--- START ---
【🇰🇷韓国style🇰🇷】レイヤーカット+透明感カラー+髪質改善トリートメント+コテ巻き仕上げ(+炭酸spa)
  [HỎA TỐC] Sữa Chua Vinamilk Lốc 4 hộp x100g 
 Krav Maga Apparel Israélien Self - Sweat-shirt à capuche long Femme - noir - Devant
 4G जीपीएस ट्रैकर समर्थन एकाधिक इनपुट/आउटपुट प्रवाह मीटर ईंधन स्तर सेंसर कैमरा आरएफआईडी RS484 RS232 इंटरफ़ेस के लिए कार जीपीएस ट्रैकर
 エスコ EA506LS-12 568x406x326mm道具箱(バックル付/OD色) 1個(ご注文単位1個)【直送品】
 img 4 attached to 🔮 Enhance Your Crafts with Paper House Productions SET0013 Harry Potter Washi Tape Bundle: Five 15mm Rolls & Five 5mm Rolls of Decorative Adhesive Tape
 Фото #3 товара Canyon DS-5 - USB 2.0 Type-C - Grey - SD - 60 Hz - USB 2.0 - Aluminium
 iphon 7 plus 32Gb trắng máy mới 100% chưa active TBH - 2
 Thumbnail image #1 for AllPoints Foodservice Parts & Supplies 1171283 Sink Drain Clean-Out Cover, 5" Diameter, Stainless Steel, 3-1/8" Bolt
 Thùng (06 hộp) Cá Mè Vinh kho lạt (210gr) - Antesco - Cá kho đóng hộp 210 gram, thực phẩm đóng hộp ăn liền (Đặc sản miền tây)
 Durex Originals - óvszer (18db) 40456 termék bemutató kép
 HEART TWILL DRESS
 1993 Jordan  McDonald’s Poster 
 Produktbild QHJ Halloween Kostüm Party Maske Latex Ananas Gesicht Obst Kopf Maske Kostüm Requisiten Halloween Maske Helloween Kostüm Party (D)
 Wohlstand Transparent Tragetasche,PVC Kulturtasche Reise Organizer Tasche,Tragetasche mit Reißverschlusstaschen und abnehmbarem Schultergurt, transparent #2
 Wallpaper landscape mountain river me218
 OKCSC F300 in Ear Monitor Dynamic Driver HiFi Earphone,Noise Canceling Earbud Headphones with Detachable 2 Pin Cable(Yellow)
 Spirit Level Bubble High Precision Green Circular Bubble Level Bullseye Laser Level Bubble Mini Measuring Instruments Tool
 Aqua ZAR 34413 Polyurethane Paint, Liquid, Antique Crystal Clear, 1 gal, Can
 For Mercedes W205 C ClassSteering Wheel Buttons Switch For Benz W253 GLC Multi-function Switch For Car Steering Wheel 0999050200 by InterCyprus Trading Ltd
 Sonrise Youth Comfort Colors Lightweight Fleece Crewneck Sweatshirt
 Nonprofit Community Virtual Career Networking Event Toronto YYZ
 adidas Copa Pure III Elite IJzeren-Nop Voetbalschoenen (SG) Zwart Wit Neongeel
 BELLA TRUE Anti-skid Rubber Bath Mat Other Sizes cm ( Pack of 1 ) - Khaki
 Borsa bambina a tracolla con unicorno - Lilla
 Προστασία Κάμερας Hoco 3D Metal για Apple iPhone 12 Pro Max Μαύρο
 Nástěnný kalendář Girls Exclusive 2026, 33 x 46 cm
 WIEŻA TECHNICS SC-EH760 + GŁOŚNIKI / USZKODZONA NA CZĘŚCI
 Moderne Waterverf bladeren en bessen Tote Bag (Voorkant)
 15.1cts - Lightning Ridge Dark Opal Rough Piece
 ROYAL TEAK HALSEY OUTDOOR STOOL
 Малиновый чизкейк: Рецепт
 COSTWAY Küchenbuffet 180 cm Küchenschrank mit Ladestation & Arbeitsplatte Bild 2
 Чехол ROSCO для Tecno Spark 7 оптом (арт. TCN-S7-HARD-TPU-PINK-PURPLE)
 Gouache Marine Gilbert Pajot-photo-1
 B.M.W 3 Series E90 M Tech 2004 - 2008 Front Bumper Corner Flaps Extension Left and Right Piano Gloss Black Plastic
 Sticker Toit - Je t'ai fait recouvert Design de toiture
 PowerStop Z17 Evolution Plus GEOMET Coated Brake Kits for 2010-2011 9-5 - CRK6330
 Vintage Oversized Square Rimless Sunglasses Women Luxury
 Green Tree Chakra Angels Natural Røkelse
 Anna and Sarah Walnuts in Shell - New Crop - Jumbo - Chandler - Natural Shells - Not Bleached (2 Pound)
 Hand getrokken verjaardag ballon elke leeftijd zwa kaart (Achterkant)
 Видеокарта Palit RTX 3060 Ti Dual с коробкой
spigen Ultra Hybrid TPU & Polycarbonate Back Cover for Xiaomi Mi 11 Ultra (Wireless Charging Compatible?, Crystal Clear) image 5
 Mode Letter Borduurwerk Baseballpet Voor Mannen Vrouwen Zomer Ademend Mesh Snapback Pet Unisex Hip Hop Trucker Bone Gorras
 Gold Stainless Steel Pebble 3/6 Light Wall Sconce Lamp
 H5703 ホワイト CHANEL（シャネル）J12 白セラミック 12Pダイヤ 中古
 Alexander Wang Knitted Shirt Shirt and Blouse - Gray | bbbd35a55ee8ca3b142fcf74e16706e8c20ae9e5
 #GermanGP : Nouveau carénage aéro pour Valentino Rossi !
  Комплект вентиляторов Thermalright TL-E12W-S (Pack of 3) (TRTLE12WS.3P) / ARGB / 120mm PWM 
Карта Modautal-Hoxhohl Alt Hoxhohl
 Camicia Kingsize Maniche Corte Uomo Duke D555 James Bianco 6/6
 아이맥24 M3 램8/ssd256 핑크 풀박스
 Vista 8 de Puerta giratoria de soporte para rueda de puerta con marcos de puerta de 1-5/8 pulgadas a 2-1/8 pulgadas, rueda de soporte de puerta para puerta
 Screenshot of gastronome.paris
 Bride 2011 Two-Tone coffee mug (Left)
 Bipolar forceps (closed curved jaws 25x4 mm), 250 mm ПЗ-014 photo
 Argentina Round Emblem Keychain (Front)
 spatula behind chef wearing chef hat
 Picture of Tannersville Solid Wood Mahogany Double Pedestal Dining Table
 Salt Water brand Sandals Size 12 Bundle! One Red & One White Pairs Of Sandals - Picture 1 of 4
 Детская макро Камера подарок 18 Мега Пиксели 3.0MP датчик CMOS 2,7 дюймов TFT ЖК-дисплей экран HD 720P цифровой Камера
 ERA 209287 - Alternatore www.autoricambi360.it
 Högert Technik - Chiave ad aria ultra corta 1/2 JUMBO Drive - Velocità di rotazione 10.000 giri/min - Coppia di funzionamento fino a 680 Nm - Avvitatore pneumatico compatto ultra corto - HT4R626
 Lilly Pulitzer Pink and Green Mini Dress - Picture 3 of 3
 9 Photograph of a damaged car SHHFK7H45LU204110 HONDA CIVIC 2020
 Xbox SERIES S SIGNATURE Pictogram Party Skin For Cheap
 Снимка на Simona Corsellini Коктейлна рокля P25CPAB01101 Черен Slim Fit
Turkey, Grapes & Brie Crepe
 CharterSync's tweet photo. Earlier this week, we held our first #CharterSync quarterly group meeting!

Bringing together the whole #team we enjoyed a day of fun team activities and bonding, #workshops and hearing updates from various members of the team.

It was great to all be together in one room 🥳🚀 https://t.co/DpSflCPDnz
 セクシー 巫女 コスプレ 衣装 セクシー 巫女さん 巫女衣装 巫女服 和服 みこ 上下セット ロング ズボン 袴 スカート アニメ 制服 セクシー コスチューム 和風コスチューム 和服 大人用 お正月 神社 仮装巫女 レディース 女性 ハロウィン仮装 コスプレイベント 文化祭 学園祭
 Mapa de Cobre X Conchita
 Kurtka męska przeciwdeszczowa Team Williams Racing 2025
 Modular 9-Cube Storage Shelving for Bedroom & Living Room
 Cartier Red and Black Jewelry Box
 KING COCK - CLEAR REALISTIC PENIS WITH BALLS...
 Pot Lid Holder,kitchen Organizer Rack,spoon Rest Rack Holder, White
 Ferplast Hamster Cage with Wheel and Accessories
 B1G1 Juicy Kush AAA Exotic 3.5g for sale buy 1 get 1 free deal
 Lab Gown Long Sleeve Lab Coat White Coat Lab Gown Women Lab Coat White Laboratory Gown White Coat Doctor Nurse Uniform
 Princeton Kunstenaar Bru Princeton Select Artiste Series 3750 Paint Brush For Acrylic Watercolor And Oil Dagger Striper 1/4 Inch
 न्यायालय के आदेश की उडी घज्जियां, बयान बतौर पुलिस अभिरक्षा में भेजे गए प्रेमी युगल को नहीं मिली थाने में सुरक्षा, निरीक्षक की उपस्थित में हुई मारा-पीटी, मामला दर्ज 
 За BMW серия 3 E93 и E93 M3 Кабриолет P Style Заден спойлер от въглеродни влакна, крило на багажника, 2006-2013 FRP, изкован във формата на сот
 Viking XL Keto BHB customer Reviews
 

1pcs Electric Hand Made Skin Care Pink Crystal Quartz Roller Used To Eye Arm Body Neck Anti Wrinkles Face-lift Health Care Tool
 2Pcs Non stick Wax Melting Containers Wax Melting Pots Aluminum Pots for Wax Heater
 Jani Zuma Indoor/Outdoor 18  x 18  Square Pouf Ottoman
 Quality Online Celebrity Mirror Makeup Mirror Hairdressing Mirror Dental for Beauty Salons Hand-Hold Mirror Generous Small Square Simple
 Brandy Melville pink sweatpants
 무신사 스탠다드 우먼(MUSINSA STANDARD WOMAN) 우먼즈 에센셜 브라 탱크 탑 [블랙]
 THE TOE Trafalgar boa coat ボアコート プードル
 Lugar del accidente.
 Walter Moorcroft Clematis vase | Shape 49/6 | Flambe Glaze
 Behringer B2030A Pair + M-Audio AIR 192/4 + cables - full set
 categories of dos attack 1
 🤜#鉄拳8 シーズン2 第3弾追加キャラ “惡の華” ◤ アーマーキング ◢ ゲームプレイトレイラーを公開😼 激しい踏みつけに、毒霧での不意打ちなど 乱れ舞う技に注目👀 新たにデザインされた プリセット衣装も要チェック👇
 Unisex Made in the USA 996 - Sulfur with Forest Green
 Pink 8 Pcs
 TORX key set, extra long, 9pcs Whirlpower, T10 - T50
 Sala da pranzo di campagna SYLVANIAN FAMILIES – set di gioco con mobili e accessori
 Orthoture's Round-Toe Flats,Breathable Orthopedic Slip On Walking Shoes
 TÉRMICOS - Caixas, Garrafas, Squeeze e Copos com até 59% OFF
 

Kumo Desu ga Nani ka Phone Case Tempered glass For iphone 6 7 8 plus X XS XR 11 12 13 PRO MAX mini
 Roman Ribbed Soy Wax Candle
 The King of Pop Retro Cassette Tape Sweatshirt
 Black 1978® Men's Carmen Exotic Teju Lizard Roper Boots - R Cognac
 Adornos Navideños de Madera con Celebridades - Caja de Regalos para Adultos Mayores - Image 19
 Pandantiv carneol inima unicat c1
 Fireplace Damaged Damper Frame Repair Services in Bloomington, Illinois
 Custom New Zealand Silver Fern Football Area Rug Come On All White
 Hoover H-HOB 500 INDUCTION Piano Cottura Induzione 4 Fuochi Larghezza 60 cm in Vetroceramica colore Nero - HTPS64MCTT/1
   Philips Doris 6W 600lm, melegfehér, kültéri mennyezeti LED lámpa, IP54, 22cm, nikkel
--- END ---
PROBLEM DETAILS:
What lines in the material above hold the string "Steel"? List them.

SOLUTION FOR THIS EXERCISE:
 Thumbnail image #1 for AllPoints Foodservice Parts & Supplies 1171283 Sink Drain Clean-Out Cover, 5" Diameter, Stainless Steel, 3-1/8" Bolt
 Gold Stainless Steel Pebble 3/6 Light Wall Sconce Lamp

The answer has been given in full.